# Video of Dooby ringing!



## Plukie (Aug 26, 2007)

Ok, I'm not going to flood you out with every little thing that Dooby does, honestly, but I just wanted to show you this little clip. Oh one other thing, Dooby never, ever, ever, sings outside of her cage.................untill today, she hasn't shut up since she woke up this morning, she's in her play tree whistling and singing, ringing like the phone and generally going for it in a big way.......I'm beginning to think that Dooby is a HE....I'm sort of 60/40 at the moment. LOL. Anyway, this is the clip. You will have to listen, the last couple of things she does is the "Dooby, Dooby Dooobyyyy!" sound, then the phone ringing!


----------



## Bea (Jul 26, 2007)

He sure is noisy!!!  Sounds like he has a lot to talk about. Last night i had Bailee making sounds in my ear for TWO AND A HALF HOURS.


----------



## Plukie (Aug 26, 2007)

Oh my goodness!!! I couldn't possibly have Dooby singing right in my ear....(s)he's so loud!!!
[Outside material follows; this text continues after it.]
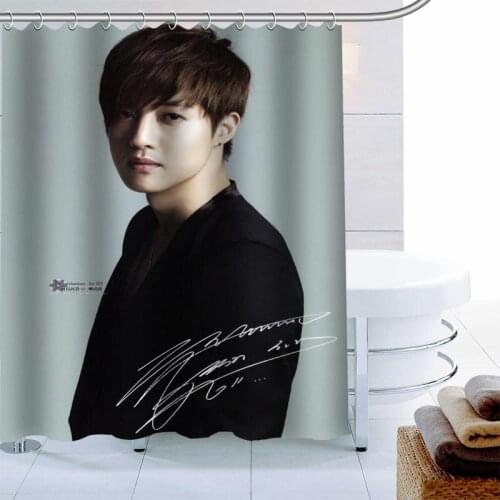 KPOP Kim Hyun Joong Shower Curtain Decor Waterproof Polyester Fabric Bath Curtain 180X180cm Eco-friendly Bathroom Curtain 0603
Of course Bailee can do no wrong though, he's a little darling!!


----------



## Bea (Jul 26, 2007)

Plukie said:


> Oh my goodness!!! I couldn't possibly have Dooby singing right in my ear....(s)he's so loud!!!
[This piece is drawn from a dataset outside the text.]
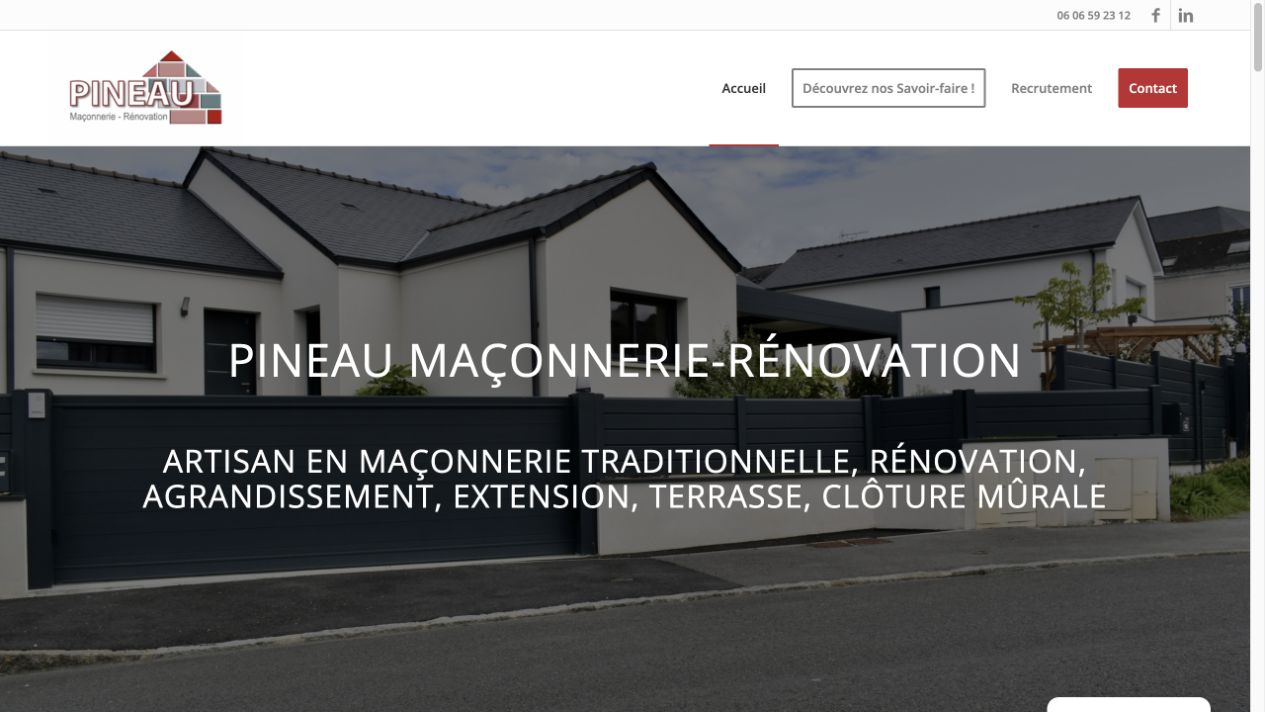 Capture du site de Pineau Maçonnerie Rénovation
I'm sure he'll get the hang of singing in your ear in no time.  If he's as clever as Bailee he'll take great pleasure in sticking his beak right in your ear hole and then making the most unpleasant sound he knows.


----------



## Plukie (Aug 26, 2007)

How about the grinding beak sound..........that's a winner with me, it sets my teeth on edge every time. LOL.


----------



## Bea (Jul 26, 2007)

Plukie said:


> How about the grinding beak sound..........that's a winner with me, it sets my teeth on edge every time. LOL.
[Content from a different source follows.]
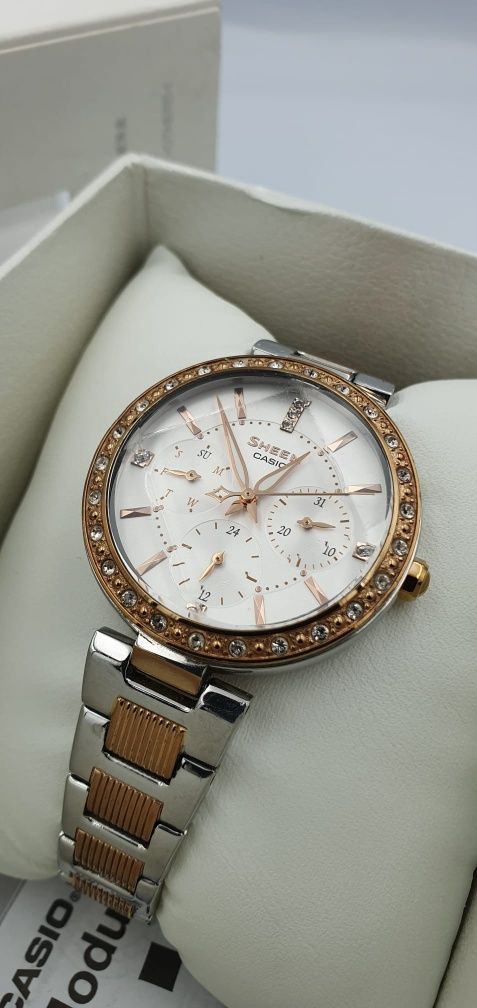 Casio Sheen Swarovski Crystals Chronograph damski zegarek, kryształki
Oh i love that sound, it's happy tiel sound!


----------



## Plukie (Aug 26, 2007)

Is it really? Oh that is nice to know, wow, Dooby must be ecstatic!! LOL!


----------



## Bea (Jul 26, 2007)

Yeah, birds will grind their beaks when they're happy and content.  Mine usually do it when they've exhausted their energy and are sitting on my shoulder ready for a nap.


----------



## birdieness (Jul 28, 2007)

Aww great video. Dooby sure has a lot to talk about. At lease this video made mine be quite for the time being.


----------



## Laura (Jul 30, 2007)

Only 60/40....LOL Come on now try 100....


----------



## Rosie (Aug 27, 2007)

How cute! I love the sound that he makes at 40 seconds, cute!


----------